Can you give a deeper description of why it is needed. I did trim mine about half way (they still stand off the board) but I just soldered them to the fastons.
 
Can you give a deeper description of why it is needed. I did trim mine about half way (they still stand off the board) but I just soldered them to the fastons.

It's needed because True Copper's leads are litz cables (each conductor is individually insulated) so, after trimming to the right lenght, they should be tinned with the solder pot.

It's the only 'clean' way to remove insulation.
 
Is it recommended to use a solvent or is simply scraping enough? We only used bare wire. Is there enough heat to melt off the coating?

IMHO, you can't simply solder them without the solder pot...

To burn the insulation you'll need circa 400°C and you should do it for each individual wire... a PITA... and with no guarantee of success.

Since you're going to organize a small GB for TCs I would add to the costs to be shared a cheap solder pot like the one I've linked. ;)
 
I have read a tutorial in the past about the cardass wire and how to remove the insulation on the conductors. If I remember correctly you simply burn the insulation off the end where you are going to solder using a small (SMALL) torch or butane lighter. It has to get hot fast. When the insulation stops bubbling it is gone. My only worry would be transferring heat to the cap itself. Also since the wire is insulated heatsinking may not be effective. The solder pot may also transfer a great deal of heat because the ends of the wire would have to be in there for a while at low temps to burn off the coating.

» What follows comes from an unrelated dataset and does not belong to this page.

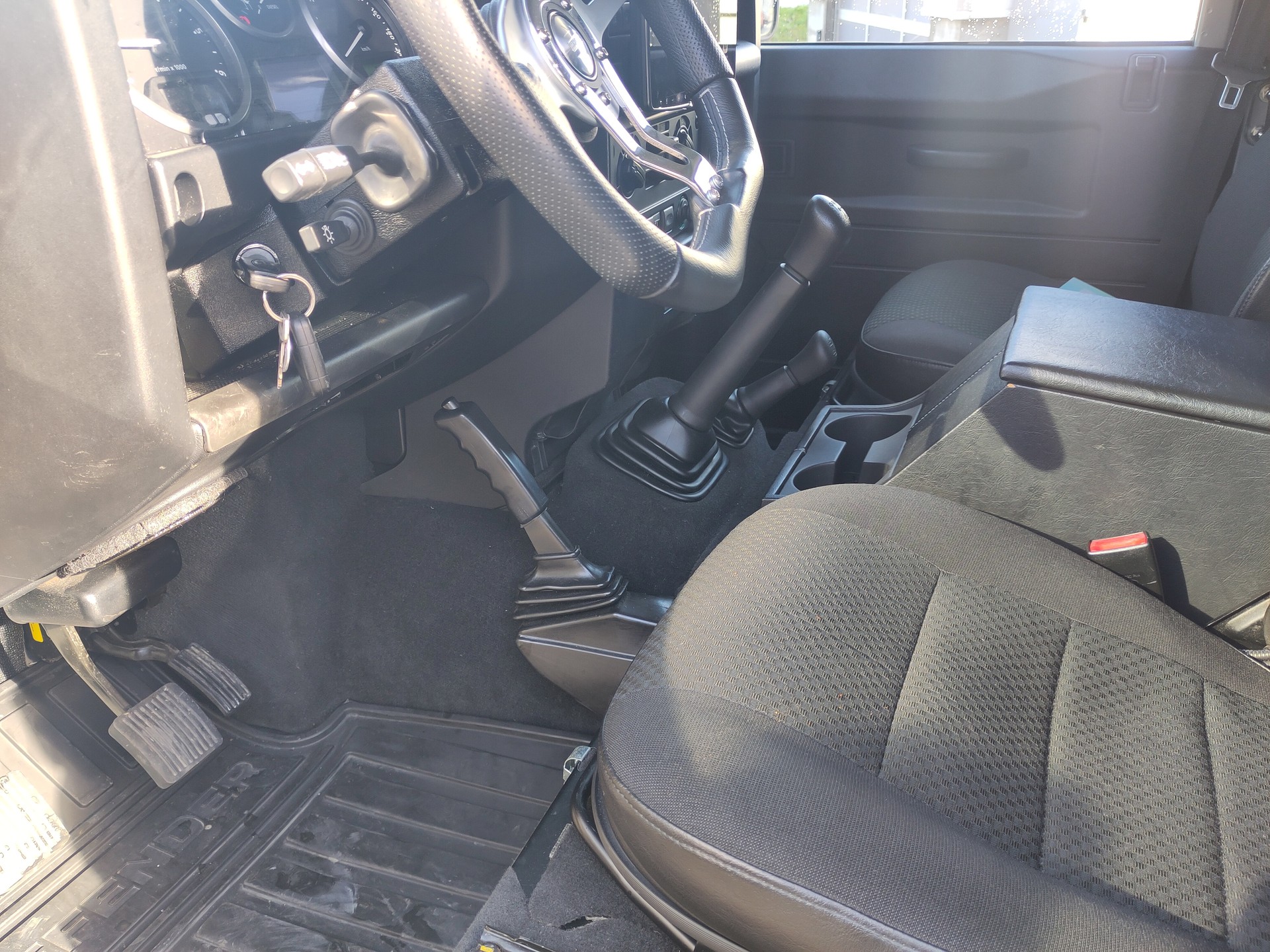 LAND ROVER Defender 110 2.2 TD4 Station Wagon-image-5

What does the manufacturer recommend?
 
The leads, trimmed to the right lenght, are circa 2cm.

It's possible to solder litz wire with a simple soldering iron as we can see on this video but, IMHO it would overheat the capacitor.

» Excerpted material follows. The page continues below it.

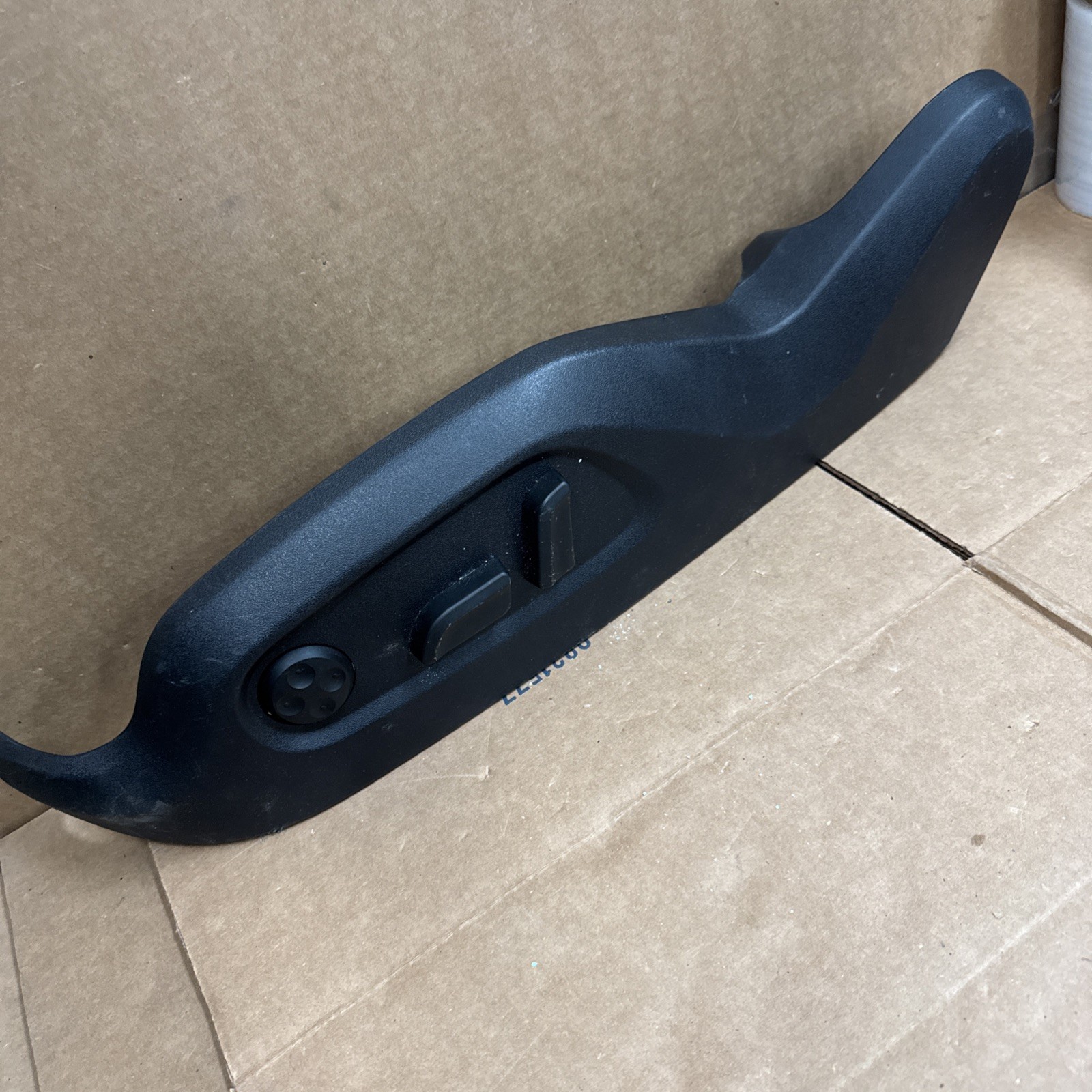 2008 2012 2014 2015 AUDI R8 COUPE Front LEFT Driver SEAT Switch TRIM Panel 1225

Even using the pot, set at circa 400°C with an immersion time of circa 4-5 seconds the cap heated a lot.

Some directions on soldering litz wire from Cardas website:

Soldering Litz Conductors
Q.) I'll be using a lot of your 21.5 gauge hookup wire for a project and I'm wondering about the best way to remove the litz coating before soldering. I am told that you use an acid, which would probably work best for me. If so, can you tell me what that acid is, and at what strength you use it?

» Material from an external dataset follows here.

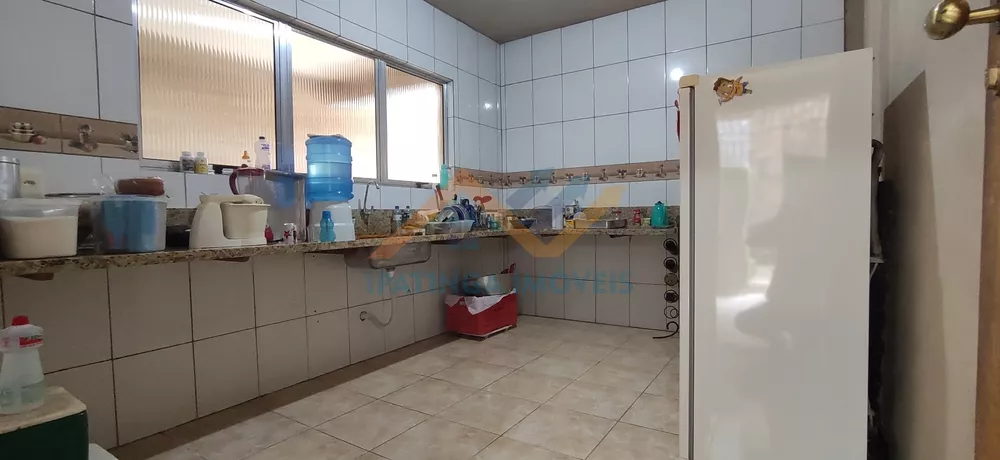 Casa à venda com 3 quartos, 360m² - Foto 3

A.) Do not use acid of any type! Do not try to burn off the insulation with a flame! There are several things that you can do: We have a termination kit that will work for a project or if you are going into production we can put a faster method together. If you want to try it yourself here are some of the ways you can do it.


  1. Use a solder pot (best, easiest and most reliable)
  2. Sand off (220-320-grit wet or dry unravel strand and lay flat on table, a couple of strokes on each side) the insulation and use a little rosin flux on the wire. With a good 900 degree Fahrenheit (482 degrees Celsius) tip on a 100 watt iron you can pre-tin the wire.
  3. Twist a little piece of unenamled wire around the litz such as a resistor lead and solder normally using using some rosin flux (such as Kester sp88). Heat the bare copper wire you have wound around the litz and add solder and rosin flux until you see the litz suck up the solder.
  4. If the wire is to be soldered to a pc board, placed through an eyelet, crimped in a spade or other connector or otherwise surrounded by solder. In a closed loop you can solder it by just putting a little rosin flux on the wire as you twist the strands after stripping. On the surrounding piece of metal heat the metal or the very tip of the Cardas litz and watch for the smoke of the coating coming off and the tinning of the wire near the surrounding metal.
  5. You can pre tin the wire by applying some rosin flux during the striping operation and heating the very tip of the wire in a pool of solder on the tip (850-900 degrees F) of a 100w Iron.
  6. You can get a large iron with a hot tip and dimple the tip so that it will hold a little solder and use it for a solder pot.
I have heard 100 other ways over the years, but basically, if you can hold some hot solder around the wire or at the tip of the conductor and use some rosin flux it will tin in a second if the tip of the Iron is hot enough. The chief downfall of this method is not using a hot enough or large enough iron. We use 100 watt Wellers with 900 degree F pencil tips. Anything this hot/big or bigger will work.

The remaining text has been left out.